Later, in what was an early incarnation of the green movement, the bakeries switched to using battery-driven vans for their deliveries.

The Emergency period of the second World War was a fruitful time for the shop and Anthony Harrison remembers on one occasion his father getting delivery of a big box of cigarettes from the US, which despite requiring coupons, were all gone within a week. Pipe-cleaners sold well, much in demand by women for when they were doing their hair. Other times of the year created other demands, like the big red candlesticks the shop used to sell coming up to Christmas.

The shop was open all hours, from seven in the morning until eleven or later at night, seven days a week, even opening for a few hours on Christmas morning. St Stephen’ s Day was a rare occasion; the shop usually stayed closed. Sunday mornings were very busy, with queues forming down the lane after Masses at the nearby St Mary’ s in Haddington Road.

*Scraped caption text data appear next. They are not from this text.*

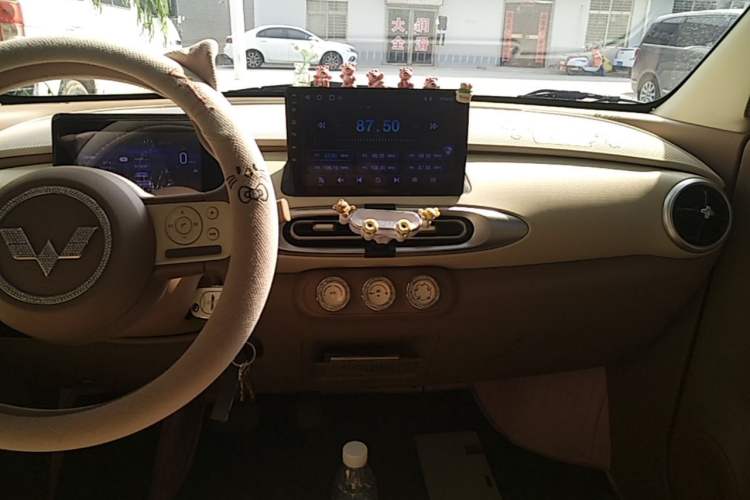 Used Wuling Hongguang MINIEV 2025 Four-Door Version Advanced Edition Audio And AC Panel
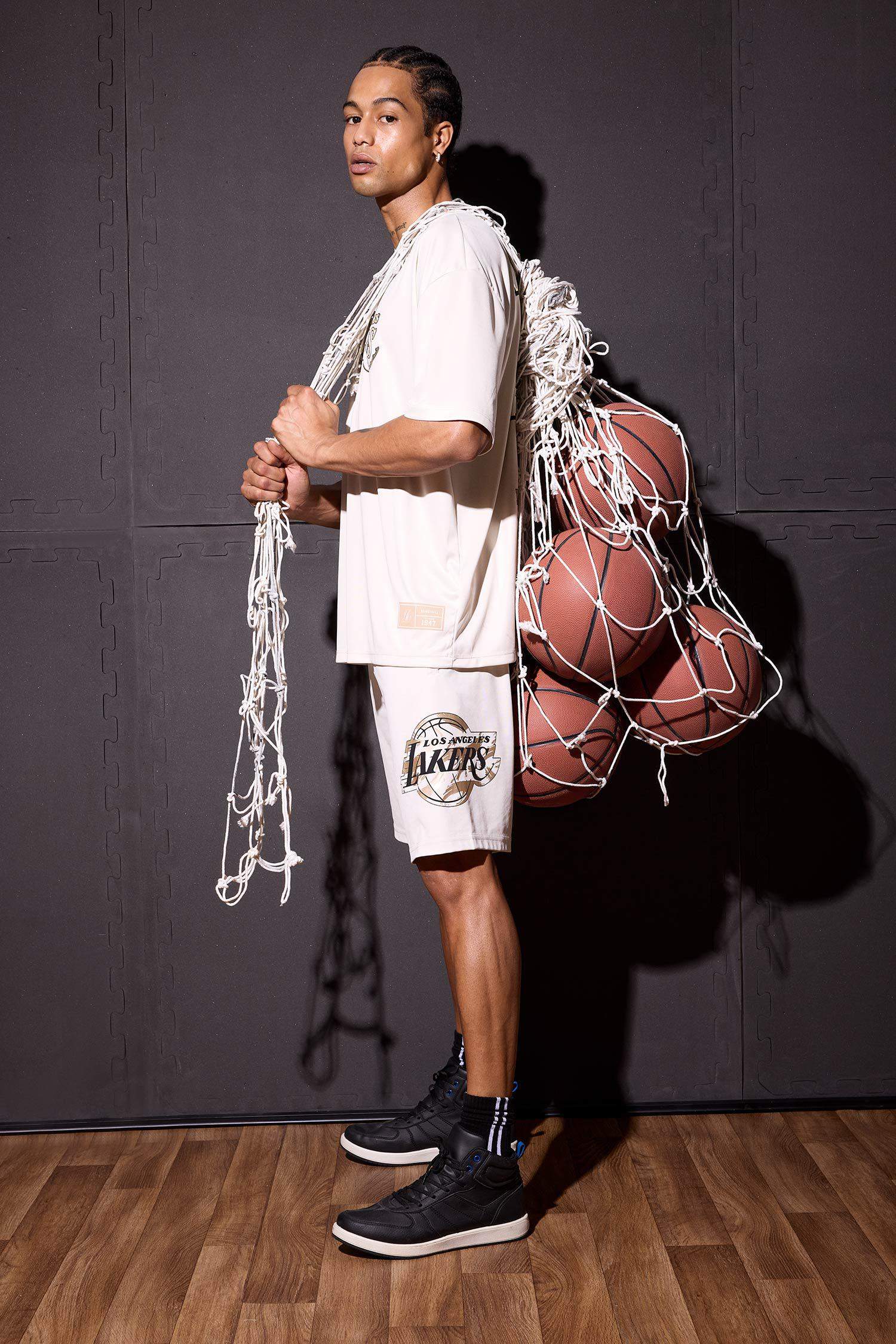 شورت قصير بيج قصة عادية من لوس أنجلوس ليكرز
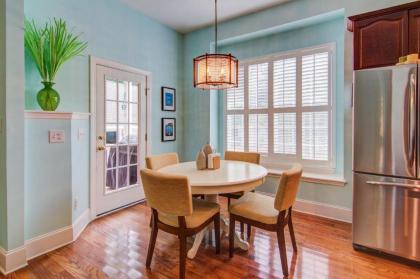 1046 Blakeway - image 13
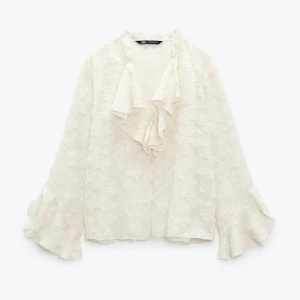 Zara blus - Säljer min fina blus från zara som har lappen kvar!💕 köpte den för 360 säljer för 220💞använd gärna köp nu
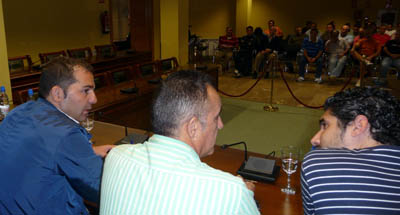 Noel López, alcalde de Maracena, escucha las propuestas de los peñistas (GRJ) Noel López, alcalde de Maracena, escucha las propuestas de los peñistas (GRJ)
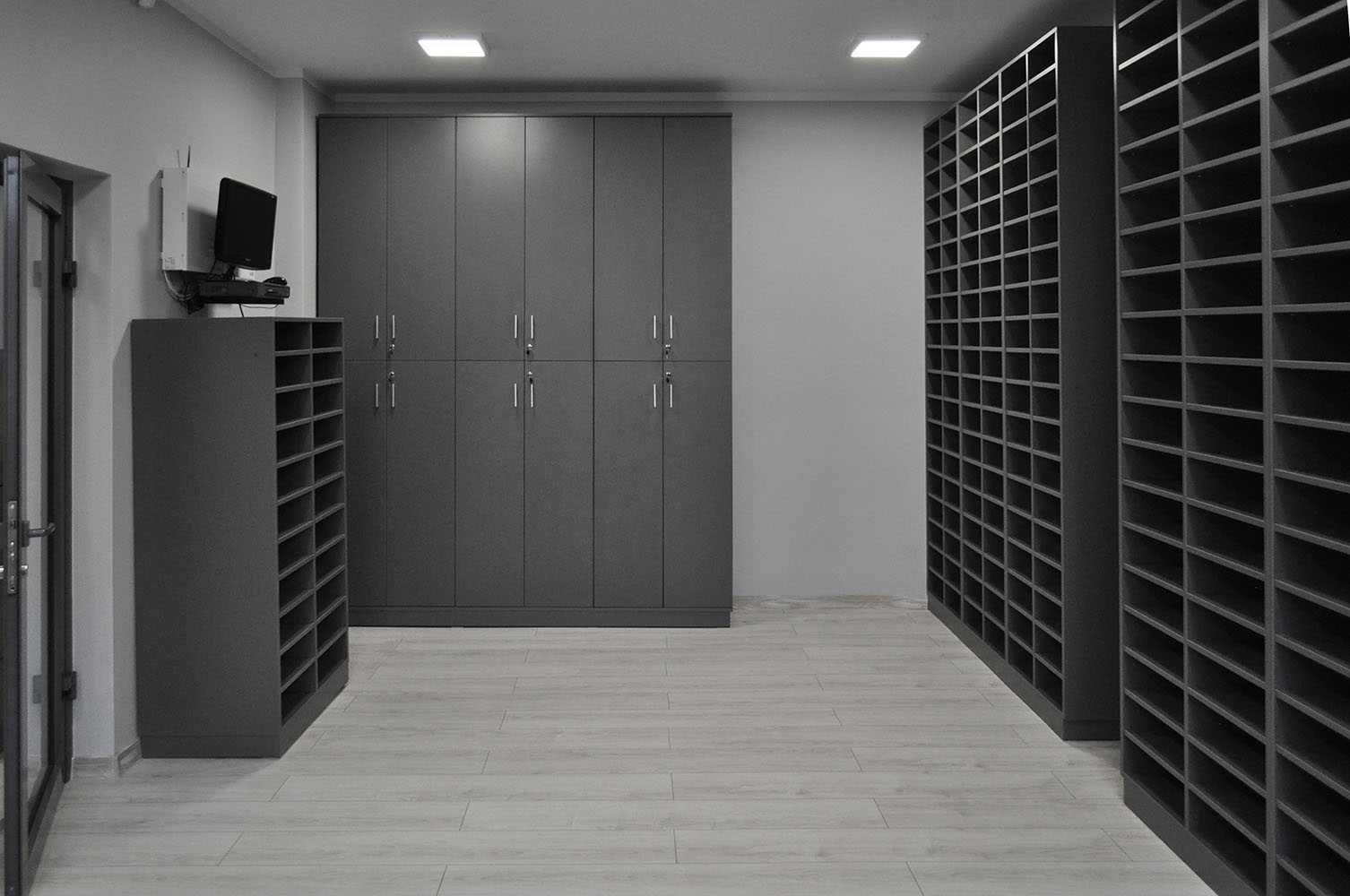 lokal, mieszkanie ŁABEDY 219m2, Biuro, Magazyn, Firma, Apteka.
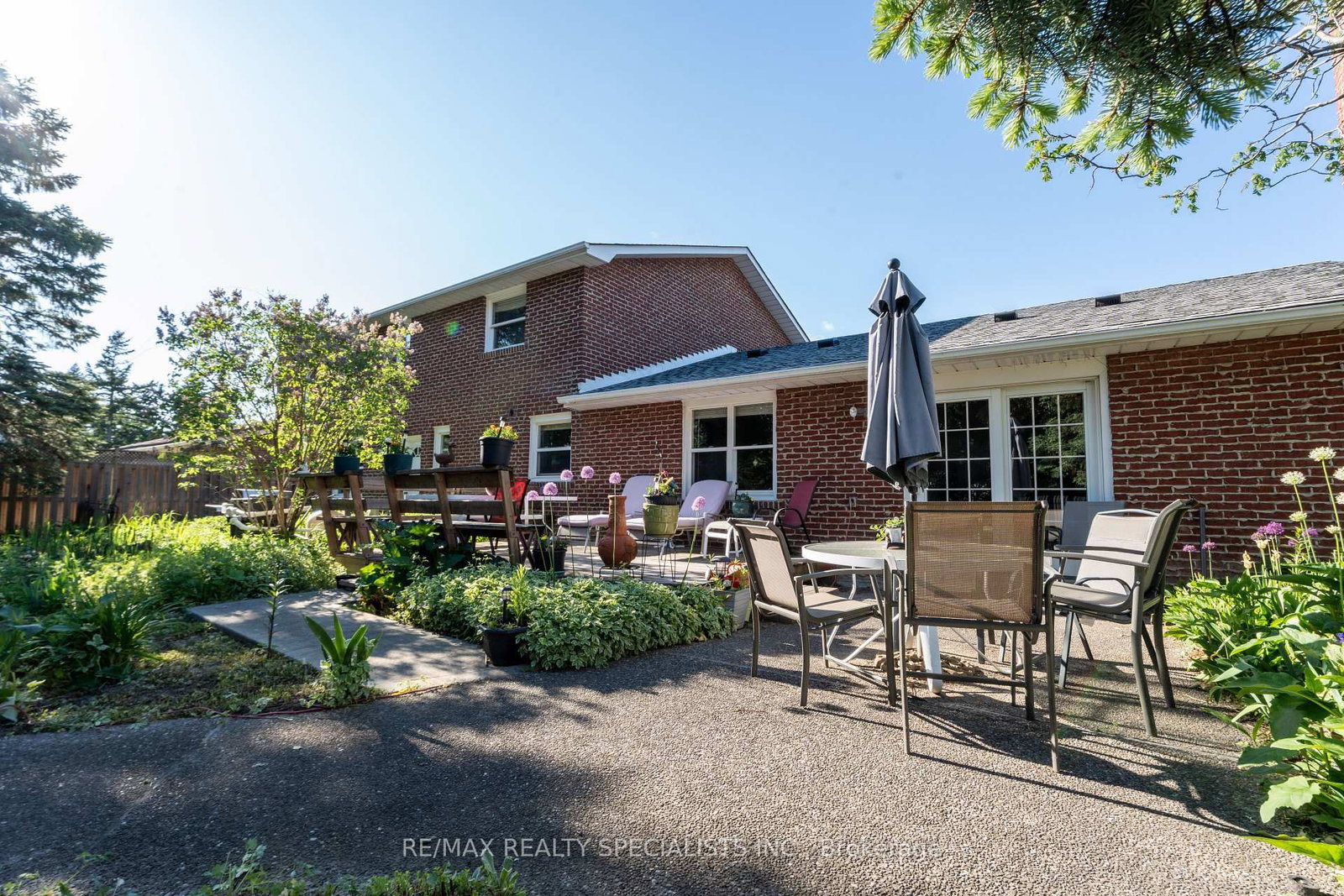 8 River View Drive • Brampton, ON photo 41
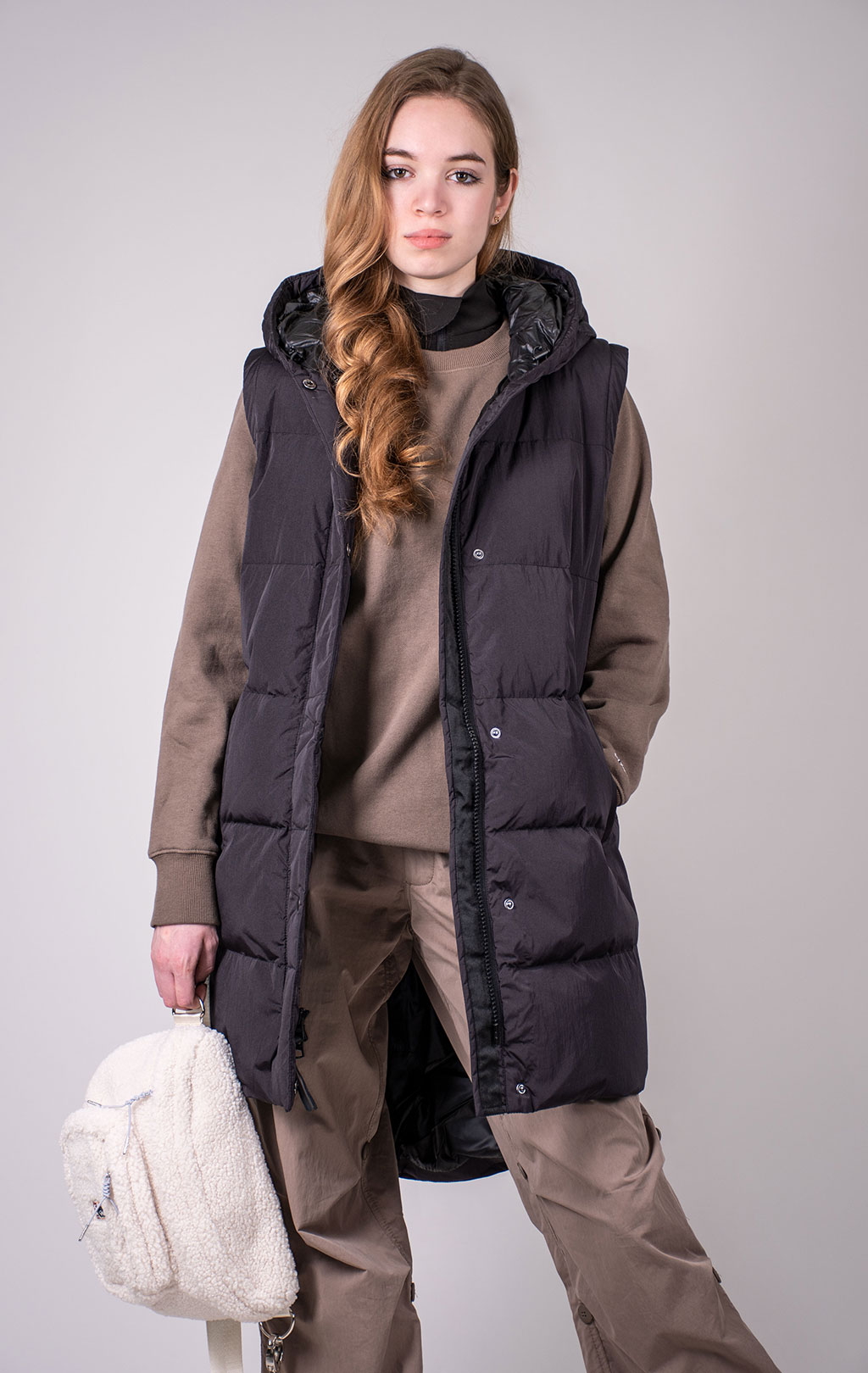 Женская куртка ALPHA INDUSTRIES SIERRA CONVERTIBLE JACKET FW 24/25 black 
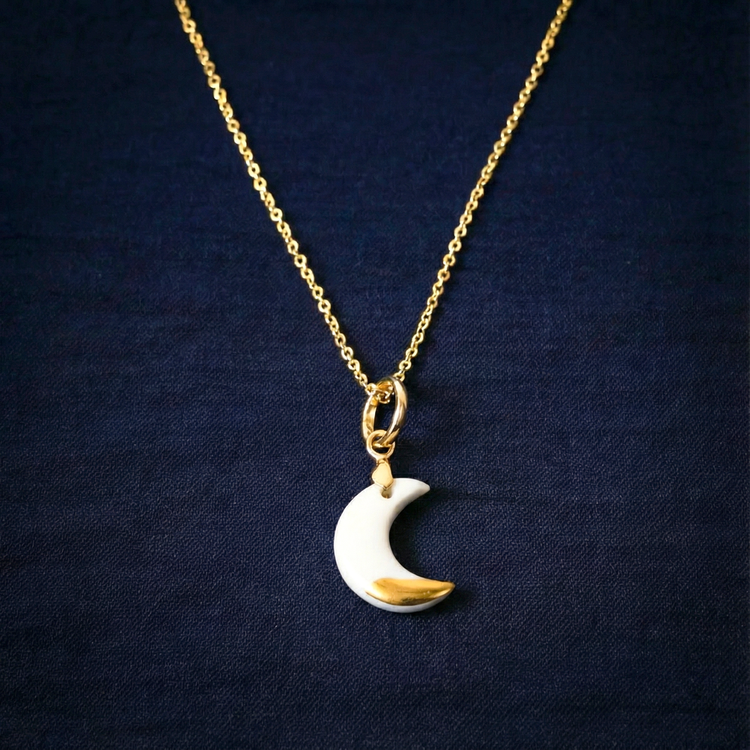 COLAR CERAMICS LUA BRANCO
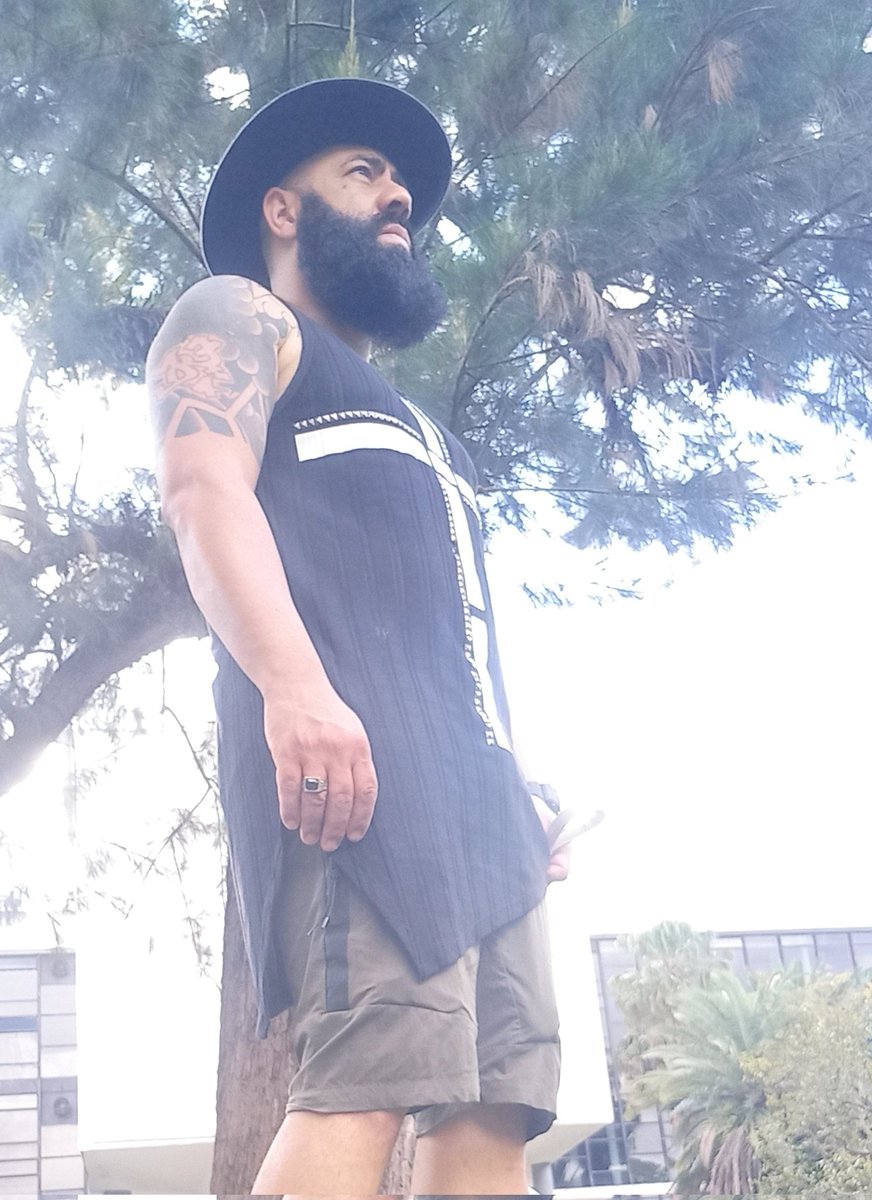 aiceformiga's tweet photo. Tenha postura e você reinará ... 

#autoestima 
#aiceman 
#nebuloso 
#Musica 
#rap https://t.co/eJL6IS9LYB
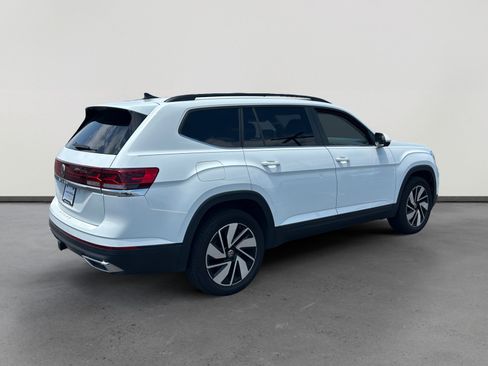 Used 2024 Volkswagen Atlas SE FWD image 5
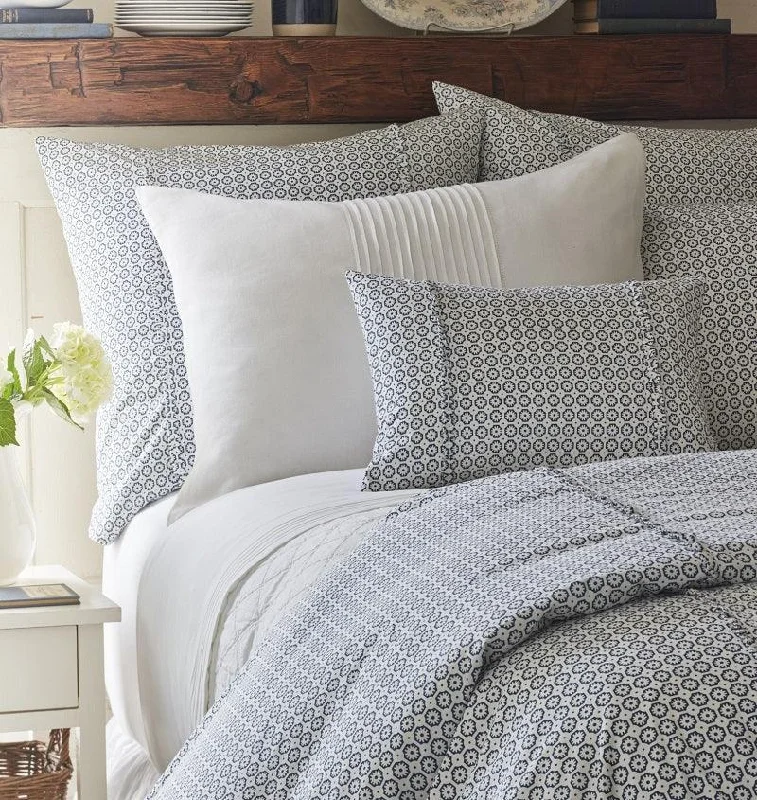 Shop & Save Taylor Linens Carolina Indigo Duvet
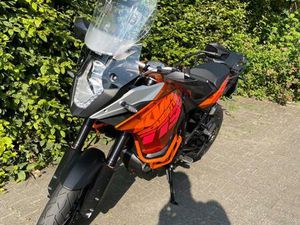 KTM 1190 ADVENTURE MIT WENIG KM UND EXTRAS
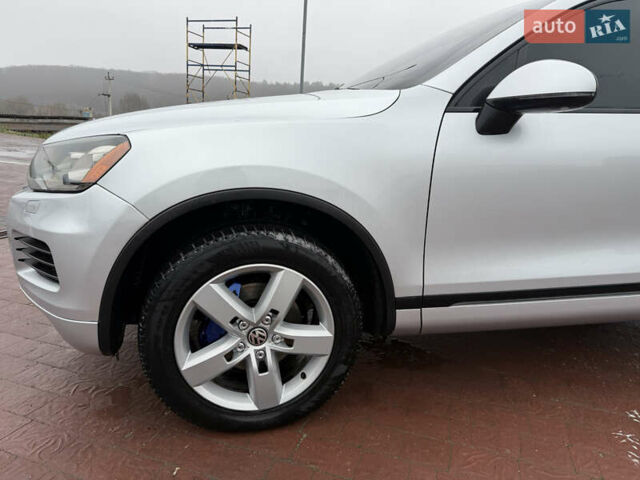 Серый Фольксваген Туарег, объемом двигателя 2.97 л и пробегом 210 тыс. км за 17499 $, фото 1 на Automoto.ua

Pembroke and the other lanes in the area were much more rural and they were filled with birdsong then, before the lanes were so extensively developed. Pembroke Lane once had a piggery, as did Heytesbury Lane, but both are long gone, as are the orchards that once blossomed in the lanes.

In the 1940s and 1950s, this part of Dublin had a vibrant artistic community and many artists and writers were regulars in the shop, the likes of Brendan Behan and Paddy Kavanagh, although the two arch enemies didn’t come in at the same time. Sometimes, when Kavanagh was going through a hard phase, John Harrison would give food as a present to the poet. Those were the days when a shop like the Wee Stores would happily sell a customer a single cigarette, because money was so scarce.

Many visual artists were also regular patrons, the likes of the late Cecil King and the late Richard Kingston, as well as Pauline Bewick and Michael Kane – both happily still with us. Musicians, too, often came in, like Barney McKenna of The Dubliners. The Wee Stores was almost as much of an artistic mecca as Parson’s Bookshop, just up the road on Baggot Street Bridge.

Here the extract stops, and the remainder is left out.